§ PROBLEM TO SOLVE
Return exactly the lines below, starting with the one that has "Mother of Pearl" and going on through the one that has "Moderne holografische cirkelmonogram".

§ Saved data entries
---------------

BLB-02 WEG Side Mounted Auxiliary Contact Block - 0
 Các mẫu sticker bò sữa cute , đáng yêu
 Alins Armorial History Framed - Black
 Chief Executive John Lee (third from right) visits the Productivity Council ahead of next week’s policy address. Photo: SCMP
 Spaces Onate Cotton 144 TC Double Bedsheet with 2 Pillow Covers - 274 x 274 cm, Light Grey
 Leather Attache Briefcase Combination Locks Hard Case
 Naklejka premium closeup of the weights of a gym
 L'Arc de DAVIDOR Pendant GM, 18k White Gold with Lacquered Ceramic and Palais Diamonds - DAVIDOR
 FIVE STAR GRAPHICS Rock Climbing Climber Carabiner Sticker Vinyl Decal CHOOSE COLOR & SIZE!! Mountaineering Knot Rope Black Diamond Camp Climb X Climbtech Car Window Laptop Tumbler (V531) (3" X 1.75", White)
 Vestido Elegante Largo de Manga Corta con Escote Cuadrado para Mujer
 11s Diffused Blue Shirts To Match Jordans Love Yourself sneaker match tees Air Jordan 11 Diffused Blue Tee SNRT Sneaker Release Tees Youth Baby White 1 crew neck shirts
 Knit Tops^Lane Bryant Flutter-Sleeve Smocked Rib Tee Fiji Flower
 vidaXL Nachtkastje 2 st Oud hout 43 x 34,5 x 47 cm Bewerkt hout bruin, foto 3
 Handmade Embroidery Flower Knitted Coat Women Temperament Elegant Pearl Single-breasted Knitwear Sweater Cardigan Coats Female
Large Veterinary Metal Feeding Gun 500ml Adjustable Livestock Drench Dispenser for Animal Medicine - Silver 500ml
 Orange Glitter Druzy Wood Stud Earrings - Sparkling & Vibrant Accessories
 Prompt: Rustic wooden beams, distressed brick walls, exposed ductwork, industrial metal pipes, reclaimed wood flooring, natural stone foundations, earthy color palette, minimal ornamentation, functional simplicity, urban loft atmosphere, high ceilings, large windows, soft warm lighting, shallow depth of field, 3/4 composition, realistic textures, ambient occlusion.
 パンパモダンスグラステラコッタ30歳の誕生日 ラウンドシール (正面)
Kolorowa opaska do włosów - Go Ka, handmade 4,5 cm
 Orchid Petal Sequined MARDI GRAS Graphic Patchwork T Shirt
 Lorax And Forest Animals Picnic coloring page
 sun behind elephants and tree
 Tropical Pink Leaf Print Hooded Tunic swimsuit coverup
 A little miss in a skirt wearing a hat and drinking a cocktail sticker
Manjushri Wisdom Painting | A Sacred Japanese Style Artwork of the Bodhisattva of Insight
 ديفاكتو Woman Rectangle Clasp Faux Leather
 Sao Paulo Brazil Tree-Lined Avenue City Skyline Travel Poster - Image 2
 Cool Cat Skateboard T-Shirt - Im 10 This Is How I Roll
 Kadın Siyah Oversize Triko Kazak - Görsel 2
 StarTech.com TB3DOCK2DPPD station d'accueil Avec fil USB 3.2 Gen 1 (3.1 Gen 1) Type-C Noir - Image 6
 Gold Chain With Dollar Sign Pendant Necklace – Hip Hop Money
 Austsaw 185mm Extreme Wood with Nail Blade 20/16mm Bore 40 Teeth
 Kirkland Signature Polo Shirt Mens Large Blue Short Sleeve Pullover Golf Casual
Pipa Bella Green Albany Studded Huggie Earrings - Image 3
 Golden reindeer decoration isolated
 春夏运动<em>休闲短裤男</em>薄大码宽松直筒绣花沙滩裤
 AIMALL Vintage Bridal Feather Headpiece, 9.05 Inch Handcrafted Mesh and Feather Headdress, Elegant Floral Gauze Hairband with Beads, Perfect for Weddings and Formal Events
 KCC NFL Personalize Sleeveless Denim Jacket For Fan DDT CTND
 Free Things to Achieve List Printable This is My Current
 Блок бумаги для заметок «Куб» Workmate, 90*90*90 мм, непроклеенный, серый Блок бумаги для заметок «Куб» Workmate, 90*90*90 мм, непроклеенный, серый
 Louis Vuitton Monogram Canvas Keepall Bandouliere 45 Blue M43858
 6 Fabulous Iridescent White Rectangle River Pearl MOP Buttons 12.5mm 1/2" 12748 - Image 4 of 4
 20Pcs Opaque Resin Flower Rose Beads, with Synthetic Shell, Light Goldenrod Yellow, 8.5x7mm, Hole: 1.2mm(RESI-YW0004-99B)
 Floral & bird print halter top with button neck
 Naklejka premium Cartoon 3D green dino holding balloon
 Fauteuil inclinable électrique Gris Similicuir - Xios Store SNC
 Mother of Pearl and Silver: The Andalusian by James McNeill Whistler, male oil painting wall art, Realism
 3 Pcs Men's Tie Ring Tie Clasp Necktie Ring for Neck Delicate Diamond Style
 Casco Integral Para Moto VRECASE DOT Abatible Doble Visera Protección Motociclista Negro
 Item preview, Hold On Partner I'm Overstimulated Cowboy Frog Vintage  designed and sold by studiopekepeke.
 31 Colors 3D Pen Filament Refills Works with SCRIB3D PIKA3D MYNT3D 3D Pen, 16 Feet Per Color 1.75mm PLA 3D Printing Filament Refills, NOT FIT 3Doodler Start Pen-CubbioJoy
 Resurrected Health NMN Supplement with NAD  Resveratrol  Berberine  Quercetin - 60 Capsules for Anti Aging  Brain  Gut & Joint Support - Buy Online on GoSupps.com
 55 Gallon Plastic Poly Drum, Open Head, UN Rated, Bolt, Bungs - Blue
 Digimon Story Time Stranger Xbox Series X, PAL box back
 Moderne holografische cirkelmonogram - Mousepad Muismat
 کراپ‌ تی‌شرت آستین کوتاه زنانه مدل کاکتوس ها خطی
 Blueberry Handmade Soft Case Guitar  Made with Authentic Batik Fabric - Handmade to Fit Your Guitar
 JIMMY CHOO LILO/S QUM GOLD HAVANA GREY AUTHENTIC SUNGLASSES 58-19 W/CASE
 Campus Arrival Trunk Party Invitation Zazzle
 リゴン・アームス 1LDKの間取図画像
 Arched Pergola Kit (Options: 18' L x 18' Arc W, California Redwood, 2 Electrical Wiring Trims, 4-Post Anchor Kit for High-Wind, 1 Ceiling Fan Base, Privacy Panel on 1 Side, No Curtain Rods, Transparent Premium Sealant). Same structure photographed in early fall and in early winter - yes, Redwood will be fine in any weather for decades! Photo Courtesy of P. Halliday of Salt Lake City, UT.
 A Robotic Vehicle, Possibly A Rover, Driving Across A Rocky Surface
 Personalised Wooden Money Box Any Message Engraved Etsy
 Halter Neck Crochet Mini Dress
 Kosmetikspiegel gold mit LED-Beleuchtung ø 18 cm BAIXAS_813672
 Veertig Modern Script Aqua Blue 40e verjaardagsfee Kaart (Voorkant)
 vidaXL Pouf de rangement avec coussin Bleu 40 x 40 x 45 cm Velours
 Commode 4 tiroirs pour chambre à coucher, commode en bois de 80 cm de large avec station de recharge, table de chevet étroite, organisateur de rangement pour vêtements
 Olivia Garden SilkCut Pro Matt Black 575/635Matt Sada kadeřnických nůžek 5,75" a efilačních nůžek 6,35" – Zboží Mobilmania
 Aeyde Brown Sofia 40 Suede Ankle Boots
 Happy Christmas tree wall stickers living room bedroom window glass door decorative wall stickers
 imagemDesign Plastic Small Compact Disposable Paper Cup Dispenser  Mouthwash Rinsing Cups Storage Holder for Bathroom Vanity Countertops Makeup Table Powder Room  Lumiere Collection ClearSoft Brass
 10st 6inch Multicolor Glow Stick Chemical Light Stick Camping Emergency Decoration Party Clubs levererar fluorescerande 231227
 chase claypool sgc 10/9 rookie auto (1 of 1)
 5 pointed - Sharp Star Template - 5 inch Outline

---------------

§ FINISHED TASK
 Mother of Pearl and Silver: The Andalusian by James McNeill Whistler, male oil painting wall art, Realism
 3 Pcs Men's Tie Ring Tie Clasp Necktie Ring for Neck Delicate Diamond Style
 Casco Integral Para Moto VRECASE DOT Abatible Doble Visera Protección Motociclista Negro
 Item preview, Hold On Partner I'm Overstimulated Cowboy Frog Vintage  designed and sold by studiopekepeke.
 31 Colors 3D Pen Filament Refills Works with SCRIB3D PIKA3D MYNT3D 3D Pen, 16 Feet Per Color 1.75mm PLA 3D Printing Filament Refills, NOT FIT 3Doodler Start Pen-CubbioJoy
 Resurrected Health NMN Supplement with NAD  Resveratrol  Berberine  Quercetin - 60 Capsules for Anti Aging  Brain  Gut & Joint Support - Buy Online on GoSupps.com
 55 Gallon Plastic Poly Drum, Open Head, UN Rated, Bolt, Bungs - Blue
 Digimon Story Time Stranger Xbox Series X, PAL box back
 Moderne holografische cirkelmonogram - Mousepad Muismat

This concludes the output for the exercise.